The buyer of a put option pays a premium to the seller for the right to sell shares at an agreed upon price in the event the option lands in the money (ITM). Each option contract contains 100 shares of the underlying stock.

If the seller holds to maturity, he will receive the premium. If it expires out of the money (OTM), he keeps the entire premium. If it expires ITM, his profit is the difference between the premium and loss based on the relative “money-ness” of the option.

For example, if a seller writes (“writing” options is another name for selling) a 100 strike put on an option for $6 per share ($600 per contract), and the underlying security finishes at $95 by expiration, it finishes ITM by $5 per share.

The seller’s profit is then $6 minus the $5 loss, or $1 per share. Moreover, he buys the shares at $100 each, which is part of the contractual obligation of selling an option.

Why sell options?

Traders who sell options will do so for various reasons. It may be part of a broader strategy that has multiple legs to it. Advanced options strategies, such as call spreads, put spreads, iron condors, and iron butterflies, will often involve a trader selling options.

They may be short the stock and wish to cover at a particular price lower than the current market price. Similar to a covered call for a long position, a covered put can provide the same type of function for short positions. It also has some level of hedge value should the short position go against them.

They might also feel the price of a stock is too high. Accordingly, a trader who is short puts may wish to buy at a lower price and get paid to wait.

If a stock is $120 per share, and you feel it’d be a better value at $100, then selling a 100 strike put option is one opportunity to get paid a premium while you wait.

Note that selling options is risky. To go along with concentrated positioning sizing and the uneducated use of leverage, selling options is one of the most common ways traders punch large holes in their portfolios.

Unlike the buyer, who can lose only the premium paid for the option, the seller of the option bears the entirety of the downside. Selling a call option entails potentially infinite downside, while selling a put option involves the downside of the security going to zero (not unlike owning a stock).

This is why puts should be cash-secured. If you are selling, for instance, 10 contracts of 100 strike puts, you know that those 10 contracts cover 100 shares each. That’s 1,000 shares. One hundred shares at $100 each (the price you would buy at) represents a potential $10,000 purchase cost.

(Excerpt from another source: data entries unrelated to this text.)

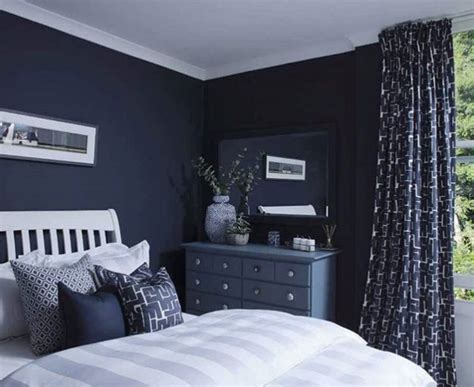 Find this pin and more on painting with benjamin moore by regina gilden. Benjamin Moore Hale Navy Paint Color Ideas - Interiors By ...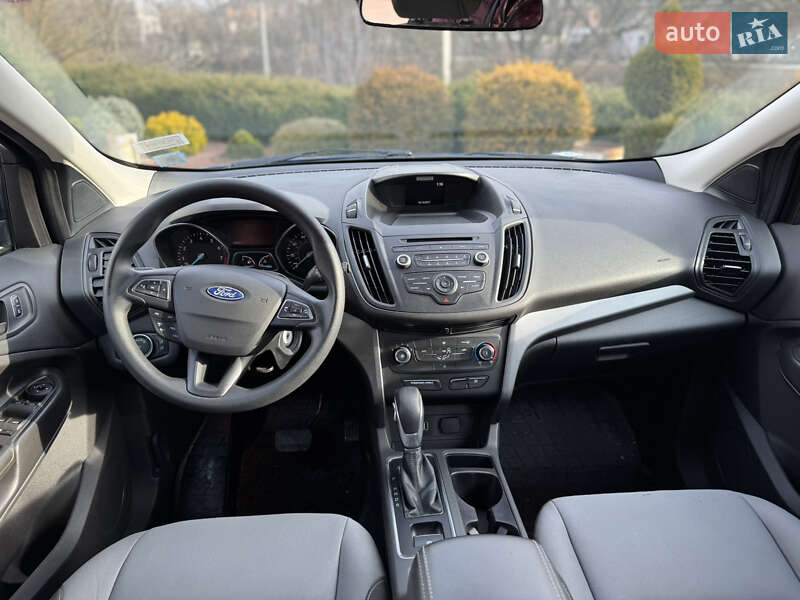 Внедорожник / Кроссовер Ford Escape 2017 в Шепетовке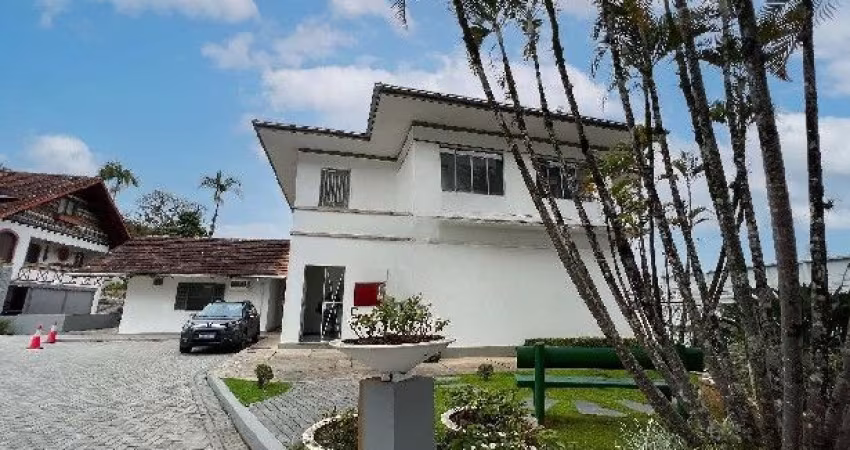 Alugo Ótima Casa Comercial, 08 Salas 250m² - Bairro Velha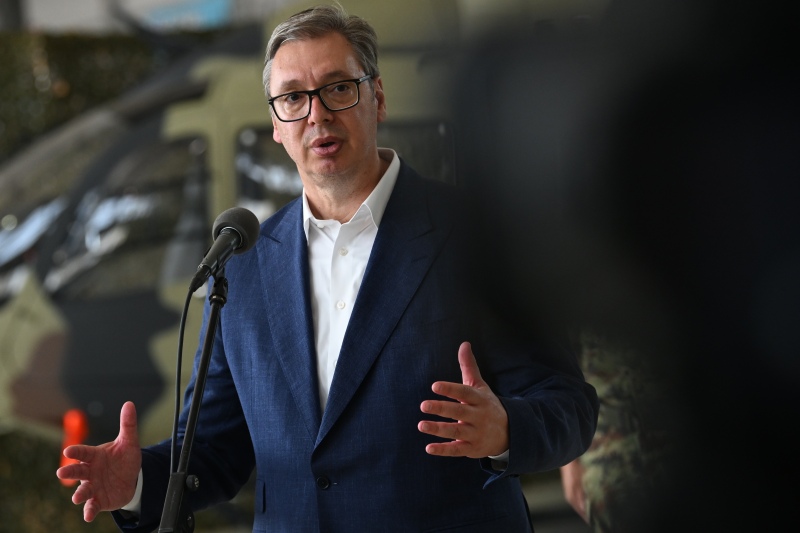 Predsednik Srbije Aleksandar Vucic Vojska Srbije ce nastaviti da jaca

How much margin you have to post to cover that will depend on your account – i.e., cash account, Reg-T, portfolio margin, etc. Securing your position with cash is the safest way to go.

The downside with selling puts is that as the position goes against you, your broker will require you to post more margin against the position. That means if you don’t have the margin available in your account, you could be squeezed out the position because of the need to raise cash. It’s hard to grow your portfolio over the long-term if you constantly have to liquidate losing positions because of a cash shortage in your account. This is the opposite of what you want to do because you’re effectively selling at more favorable prices (relative to when you got in the position).

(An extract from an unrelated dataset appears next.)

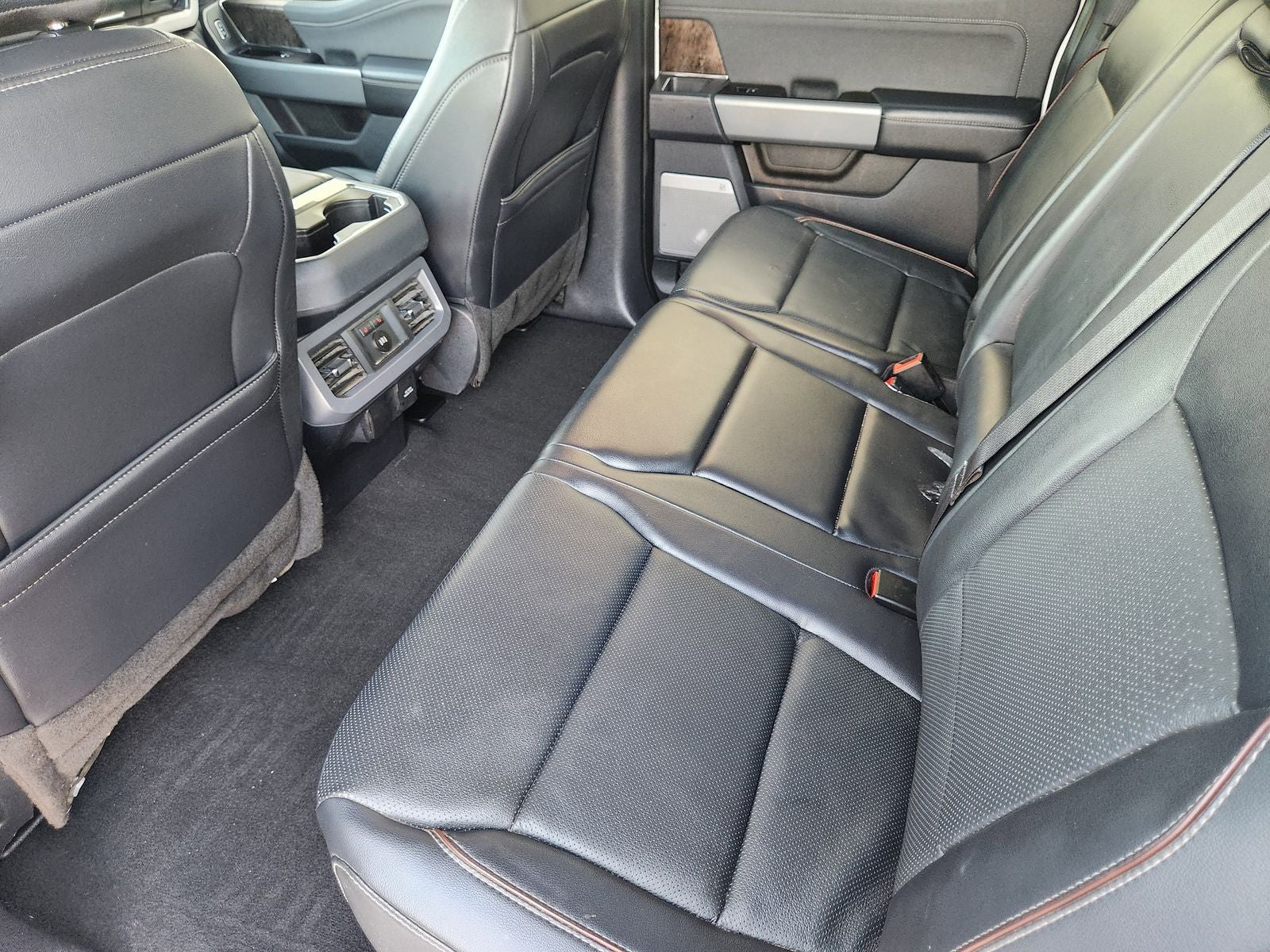 2024 Ford F-350SD Lariat DRW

If you have a margin account that requires you to post 25 percent collateral for each cash equity position, your broker will only have you post a fraction of your potential purchase price if the option you sold is OTM. But if that option starts to go ITM, your broker will automatically have you post more collateral.

It’s important to have that on hand to avoid having to sell at the most inopportune times.

It’s tempting to run one’s liquidity buffer down to very low levels to remain “fully invested”. But there needs to be enough to tolerate any down swings in your portfolio. If you use leverage, basic hiccups in your net liquidation value can give you problems with liquidity management.

In down markets, you ideally want to be the one picking up anything trading at discounts. You don’t want to be stretched such that it forces you to be part of the selling because you were over-extended and need to raise cash to cover margin deficits.

When to use the cash-secured put strategy

If you want to own a stock, but it’s too richly priced for your current tastes and want a higher margin of safety, you could consider selling cash-secured put options at a strike you’d feel comfortable buying it at.

This allows you to collect a premium either way while allowing you to potentially buy the stock at a cheaper price.

The closer ITM the option is, the higher the premium will be and the greater the probability the stock will be assigned. The further out from expiration, the higher the premium will be, holding all else equal. What constitutes a quality return is up to the individual and is what makes a market.

Example

Let’s say you like the long-term prospects of Facebook (FB). If you find the current price too high, you could consider a cash-secured put against the stock.

If you wanted to sell a 160 strike put with a ten-month maturity, your premium would be about $750 ($7.50 per share), with an upfront collateral requirement of $2,322.

If the option lands ITM, a 160 put would require you to buy $16,000 worth of Facebook stock by expiration ($160 per share multiplied by the 100 shares per contract).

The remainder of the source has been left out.